What the exercise asks: From the data below, give the number of lines holding the word "chart", with nothing else added.

Task data:
== == ==

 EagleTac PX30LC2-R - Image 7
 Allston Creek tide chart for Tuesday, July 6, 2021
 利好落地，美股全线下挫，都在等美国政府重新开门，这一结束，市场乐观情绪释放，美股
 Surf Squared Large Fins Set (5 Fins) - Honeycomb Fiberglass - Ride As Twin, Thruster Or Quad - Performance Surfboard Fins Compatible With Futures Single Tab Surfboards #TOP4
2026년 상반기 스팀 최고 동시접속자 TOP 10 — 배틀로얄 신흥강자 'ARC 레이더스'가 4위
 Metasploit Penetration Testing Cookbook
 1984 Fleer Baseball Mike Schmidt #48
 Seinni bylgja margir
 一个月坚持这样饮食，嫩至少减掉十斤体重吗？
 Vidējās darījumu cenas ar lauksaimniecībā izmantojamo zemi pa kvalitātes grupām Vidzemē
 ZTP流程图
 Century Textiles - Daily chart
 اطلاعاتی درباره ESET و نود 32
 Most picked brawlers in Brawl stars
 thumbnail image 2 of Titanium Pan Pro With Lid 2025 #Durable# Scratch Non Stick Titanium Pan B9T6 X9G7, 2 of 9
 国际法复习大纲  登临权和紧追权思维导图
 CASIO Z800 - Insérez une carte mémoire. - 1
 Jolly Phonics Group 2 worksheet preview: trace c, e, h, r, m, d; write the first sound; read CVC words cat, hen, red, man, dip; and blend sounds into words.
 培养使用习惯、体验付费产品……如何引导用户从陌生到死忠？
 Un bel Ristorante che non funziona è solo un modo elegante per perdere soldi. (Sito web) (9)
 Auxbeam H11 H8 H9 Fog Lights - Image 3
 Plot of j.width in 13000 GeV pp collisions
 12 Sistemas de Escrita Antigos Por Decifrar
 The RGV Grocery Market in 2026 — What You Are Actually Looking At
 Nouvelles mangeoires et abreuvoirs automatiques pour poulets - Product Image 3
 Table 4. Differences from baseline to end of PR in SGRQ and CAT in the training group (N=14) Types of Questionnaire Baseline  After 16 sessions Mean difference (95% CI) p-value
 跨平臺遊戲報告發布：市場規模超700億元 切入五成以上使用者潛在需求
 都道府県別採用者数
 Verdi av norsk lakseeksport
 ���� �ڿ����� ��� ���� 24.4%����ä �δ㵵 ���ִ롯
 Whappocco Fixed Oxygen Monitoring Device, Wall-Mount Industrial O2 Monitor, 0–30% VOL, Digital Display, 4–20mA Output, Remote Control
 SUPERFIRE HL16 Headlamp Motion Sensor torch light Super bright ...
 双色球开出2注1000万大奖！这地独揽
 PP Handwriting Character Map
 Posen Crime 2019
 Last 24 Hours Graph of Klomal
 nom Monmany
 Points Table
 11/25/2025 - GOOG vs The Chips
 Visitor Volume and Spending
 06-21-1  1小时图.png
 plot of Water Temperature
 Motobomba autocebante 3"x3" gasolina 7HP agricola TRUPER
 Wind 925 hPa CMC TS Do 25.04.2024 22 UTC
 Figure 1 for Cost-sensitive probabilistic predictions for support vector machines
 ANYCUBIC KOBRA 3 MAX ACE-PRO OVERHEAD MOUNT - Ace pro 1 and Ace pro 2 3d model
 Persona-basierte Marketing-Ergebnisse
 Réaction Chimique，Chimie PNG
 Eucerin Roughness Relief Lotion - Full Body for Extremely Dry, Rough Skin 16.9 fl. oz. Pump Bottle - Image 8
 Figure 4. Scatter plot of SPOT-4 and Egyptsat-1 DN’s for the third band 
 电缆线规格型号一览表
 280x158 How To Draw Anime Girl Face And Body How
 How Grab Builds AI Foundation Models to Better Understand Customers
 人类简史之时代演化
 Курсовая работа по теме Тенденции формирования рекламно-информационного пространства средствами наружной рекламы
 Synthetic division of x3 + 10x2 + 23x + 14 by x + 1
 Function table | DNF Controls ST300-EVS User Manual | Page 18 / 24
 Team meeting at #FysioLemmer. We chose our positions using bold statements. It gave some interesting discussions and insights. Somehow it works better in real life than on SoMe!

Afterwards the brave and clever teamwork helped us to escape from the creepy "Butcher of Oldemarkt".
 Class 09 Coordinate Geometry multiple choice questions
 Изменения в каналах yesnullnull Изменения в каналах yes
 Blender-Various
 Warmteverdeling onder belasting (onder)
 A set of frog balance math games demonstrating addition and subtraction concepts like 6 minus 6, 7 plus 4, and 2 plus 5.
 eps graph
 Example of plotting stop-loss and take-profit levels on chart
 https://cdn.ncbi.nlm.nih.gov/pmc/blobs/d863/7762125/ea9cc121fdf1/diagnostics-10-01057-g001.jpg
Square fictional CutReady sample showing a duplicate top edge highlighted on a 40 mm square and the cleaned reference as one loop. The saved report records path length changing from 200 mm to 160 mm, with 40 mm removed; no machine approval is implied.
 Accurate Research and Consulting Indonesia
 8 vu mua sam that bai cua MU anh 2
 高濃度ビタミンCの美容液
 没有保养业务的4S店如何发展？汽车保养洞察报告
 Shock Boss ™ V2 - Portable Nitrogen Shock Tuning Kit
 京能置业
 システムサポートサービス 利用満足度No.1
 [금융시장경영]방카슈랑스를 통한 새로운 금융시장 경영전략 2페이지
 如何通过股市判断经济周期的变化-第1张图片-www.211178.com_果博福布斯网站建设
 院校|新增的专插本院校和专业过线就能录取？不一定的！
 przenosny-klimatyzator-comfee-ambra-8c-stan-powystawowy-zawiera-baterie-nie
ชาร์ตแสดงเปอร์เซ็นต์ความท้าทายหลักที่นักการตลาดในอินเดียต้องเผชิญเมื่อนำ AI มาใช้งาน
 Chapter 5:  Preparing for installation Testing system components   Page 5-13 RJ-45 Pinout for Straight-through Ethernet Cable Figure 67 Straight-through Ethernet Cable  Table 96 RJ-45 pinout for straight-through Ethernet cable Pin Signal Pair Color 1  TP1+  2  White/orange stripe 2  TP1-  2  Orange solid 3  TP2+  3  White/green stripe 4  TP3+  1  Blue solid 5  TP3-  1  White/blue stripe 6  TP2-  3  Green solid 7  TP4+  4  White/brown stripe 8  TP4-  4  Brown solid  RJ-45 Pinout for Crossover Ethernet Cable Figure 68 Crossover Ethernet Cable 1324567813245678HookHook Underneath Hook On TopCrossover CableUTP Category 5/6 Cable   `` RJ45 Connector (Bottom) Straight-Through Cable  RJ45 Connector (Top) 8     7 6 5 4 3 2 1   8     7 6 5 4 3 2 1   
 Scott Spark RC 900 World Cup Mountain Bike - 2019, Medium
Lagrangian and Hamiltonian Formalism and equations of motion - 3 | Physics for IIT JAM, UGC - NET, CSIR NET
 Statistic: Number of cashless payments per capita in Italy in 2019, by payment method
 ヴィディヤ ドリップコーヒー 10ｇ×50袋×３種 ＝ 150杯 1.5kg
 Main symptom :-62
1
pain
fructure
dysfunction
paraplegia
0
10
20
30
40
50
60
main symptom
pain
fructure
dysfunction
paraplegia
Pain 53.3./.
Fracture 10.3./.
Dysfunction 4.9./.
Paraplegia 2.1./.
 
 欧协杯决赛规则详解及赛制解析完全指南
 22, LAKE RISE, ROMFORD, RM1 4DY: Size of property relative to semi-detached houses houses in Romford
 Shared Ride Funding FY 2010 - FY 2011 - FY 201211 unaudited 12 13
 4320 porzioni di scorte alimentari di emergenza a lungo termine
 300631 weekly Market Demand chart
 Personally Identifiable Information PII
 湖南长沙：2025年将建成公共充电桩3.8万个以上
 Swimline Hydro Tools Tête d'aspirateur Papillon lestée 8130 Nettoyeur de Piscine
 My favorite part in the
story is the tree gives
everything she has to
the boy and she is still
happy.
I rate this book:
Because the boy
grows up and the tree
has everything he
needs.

== == ==

Exercise solution: 4